The task: Drop every picture, then print the rest of the listing exactly as given.
+++ Data for this task +++
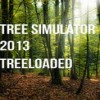 树木模拟2013木林森
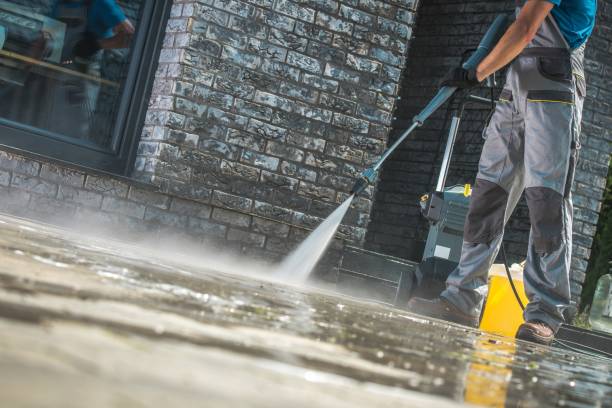 Best Playground Equipment Cleaning  in Highland, IN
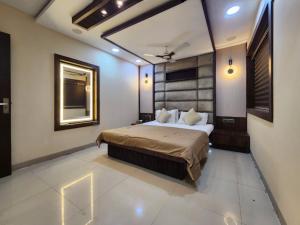 Peacock perch 5BHK villa in Chembur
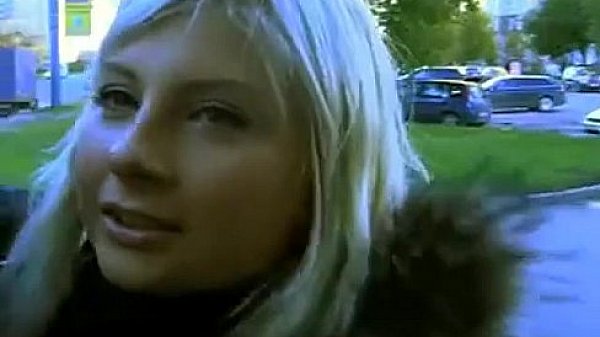 Teen threesome sex on the balcony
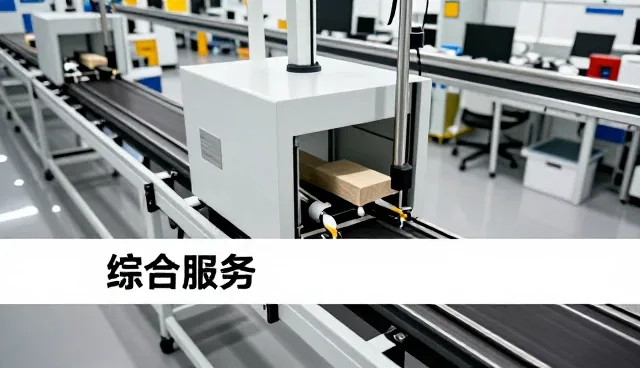 厦门盛广隆进出口有限公司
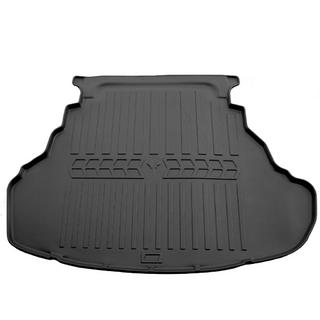 Bagagerumsmatta 3D (Europe, Elegance/Comfort) (Stingray)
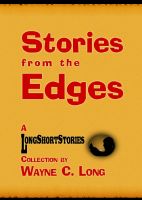 Cover for 'Stories from the Edges - A LongShortStories Collection'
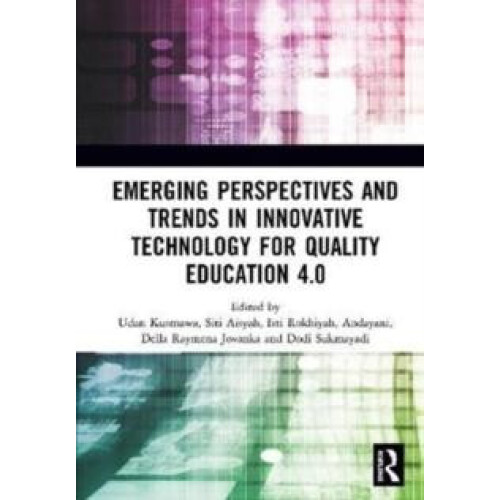 Emerging Perspectives and Trends in Innovative Technology for Quality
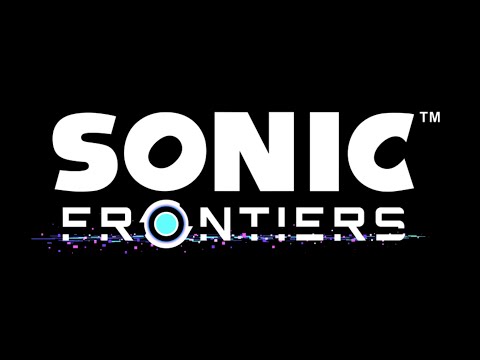 Sonic Frontiers OST - Cyberspace 1 - 3: Digital Cave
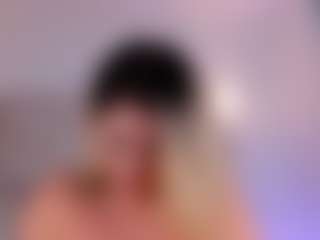 Britney Amberr's Live Sex Cam Show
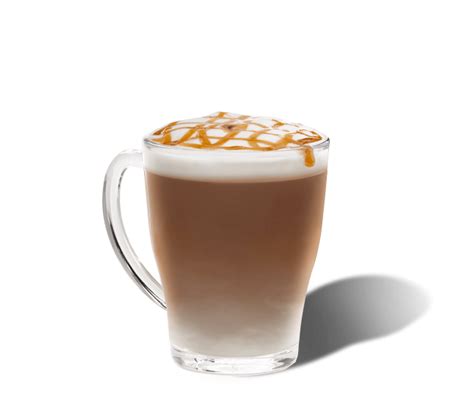 Nescafé® Dolce Gusto® Caramel Macchiato Starbucks® Coffee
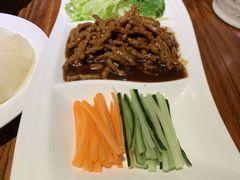 -云来居素食馆(南山店)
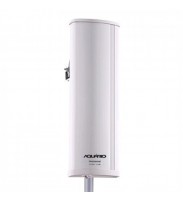 ANTENA PAINEL SETORIAL 2,4 GHZ 14DBI 90º POLARIZÇÃO HORIZONTAL 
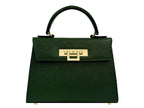 Fonteyn Midi Dolomite - Dark Green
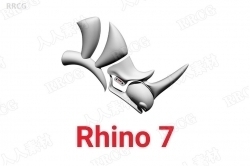 Rhinoceros犀牛建模软件V7.8.21196.05001 Win版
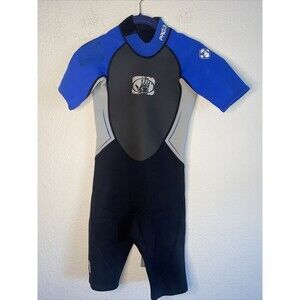 Body Glove Pro surf wetsuit 3 2:1 Spring Suit Youth Juniors 10 Water Short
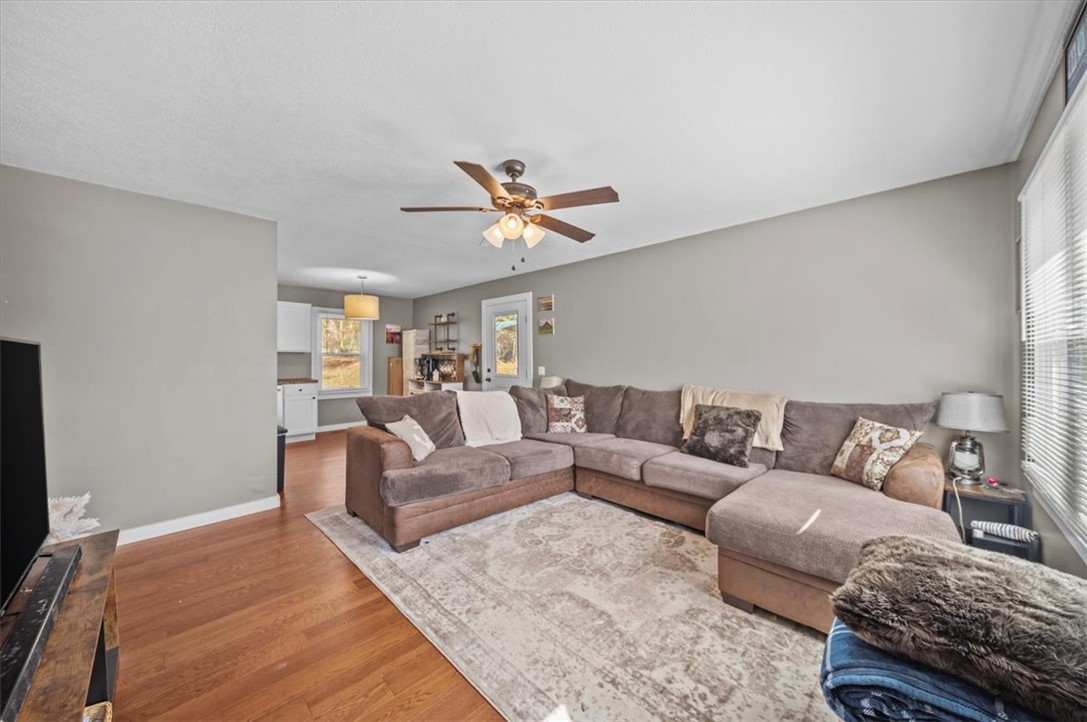 303 Shadybrook Drive, Walhalla, South Carolina image 4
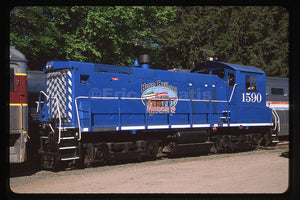 Hobo Railroad #1590 SW1001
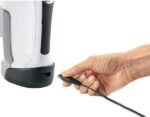 KARCHER WV 6 Plus Window Vacuum Cleaner - White and Black - Image 4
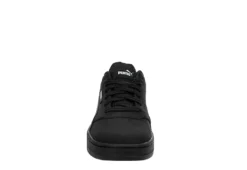 Puma Mens Classico Sneaker - Black 11 Puma Mens Classico Sneaker - Black -Shoe Sales Store US 01 600035 02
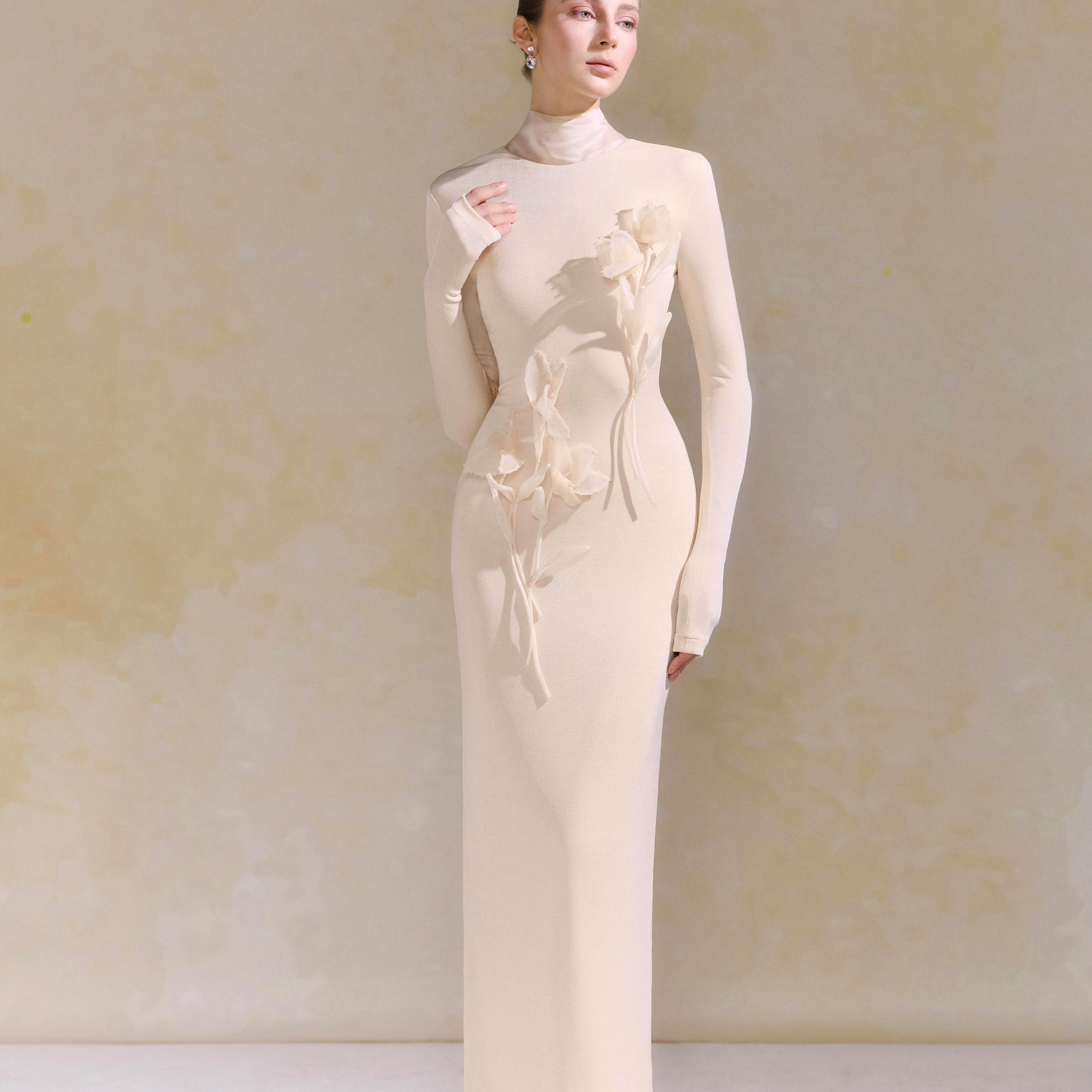 Daha Dress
+++
Answer space:
 树木模拟2013木林森
 Best Playground Equipment Cleaning  in Highland, IN
 Peacock perch 5BHK villa in Chembur
 Teen threesome sex on the balcony
 厦门盛广隆进出口有限公司
 Bagagerumsmatta 3D (Europe, Elegance/Comfort) (Stingray)
 Cover for 'Stories from the Edges - A LongShortStories Collection'
 Emerging Perspectives and Trends in Innovative Technology for Quality
 Sonic Frontiers OST - Cyberspace 1 - 3: Digital Cave
 Britney Amberr's Live Sex Cam Show
 Nescafé® Dolce Gusto® Caramel Macchiato Starbucks® Coffee
 -云来居素食馆(南山店)
 ANTENA PAINEL SETORIAL 2,4 GHZ 14DBI 90º POLARIZÇÃO HORIZONTAL 
 Fonteyn Midi Dolomite - Dark Green
 Rhinoceros犀牛建模软件V7.8.21196.05001 Win版
 Body Glove Pro surf wetsuit 3 2:1 Spring Suit Youth Juniors 10 Water Short
 303 Shadybrook Drive, Walhalla, South Carolina image 4
 Hobo Railroad #1590 SW1001
 KARCHER WV 6 Plus Window Vacuum Cleaner - White and Black - Image 4
 Puma Mens Classico Sneaker - Black 11 Puma Mens Classico Sneaker - Black -Shoe Sales Store US 01 600035 02
 Daha Dress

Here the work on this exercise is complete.